LOS ANGELES (Reuters) - David Mills, an Emmy Award-winning television writer who contributed to dramas “The Wire” and “ER,” has died at age 48 after apparently suffering a brain aneurysm, HBO said on Wednesday.
Mills fell ill on Tuesday night in New Orleans on the set of upcoming HBO drama “Treme,” people involved in the show said in a statement provided by HBO.
He lost consciousness and died at a hospital, and doctors said it appeared he had a brain aneurysm, according to the statement.
“HBO is deeply saddened by the sudden loss of our dear friend and colleague David Mills,” HBO said in a statement.
“He was a gracious and humble man, and will be sorely missed by those who knew and loved him, as well as those who were aware of his immense talent,” the network said.
Mills wrote for the Washington Post in the early 1990s, reporting on race and popular culture for the Style Section.
He later wrote episodes for TV police dramas “NYPD Blue” and “Homicide: Life on the Street” and hospital series “ER,” all during the 1990s.
Mills wrote episodes of the critically acclaimed series “The Wire” in 2006 and 2007, a show created by writer and producer David Simon that took a gritty look at Baltimore’s drug trade, police force, newspaper business and bureaucracy.

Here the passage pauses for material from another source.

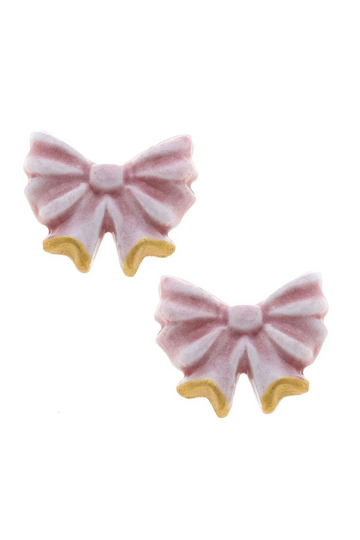 Lucy Porcelain Bow Stud Earrings- Gold/Pink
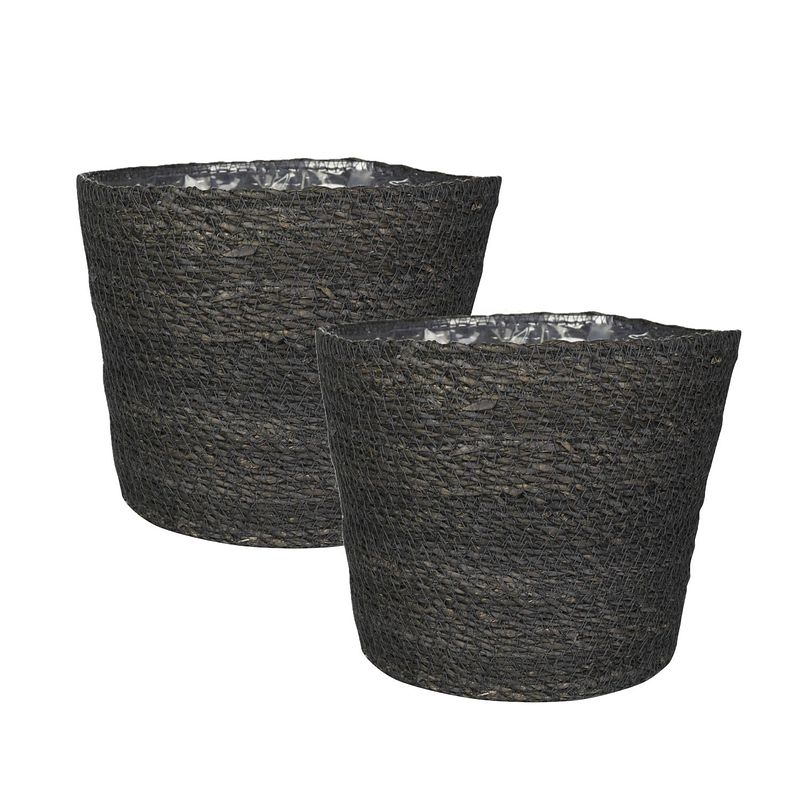 Foto van Set van 2x stuks plantenpot/bloempot van jute/zeegras diameter 18 cm en hoogte 16 cm grijs - plantenpotten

“Treme,” a show about New Orleans in the wake of 2005’s Hurricane Katrina, was Mills’ latest project. The program, which he produced along with Simon, will debut on April 11.
Mills won a pair of prime-time Emmy Awards in 2000 for his work on TV miniseries “The Corner,” another show from Simon, a former journalist who worked with Mills on the student newspaper at the University of Maryland in the 1980s.
Mills, who was born in Washington, D.C. but lived in Los Angeles in recent years, is survived by siblings Blanche Carroll, Gloria Johnson and Franklin Mills.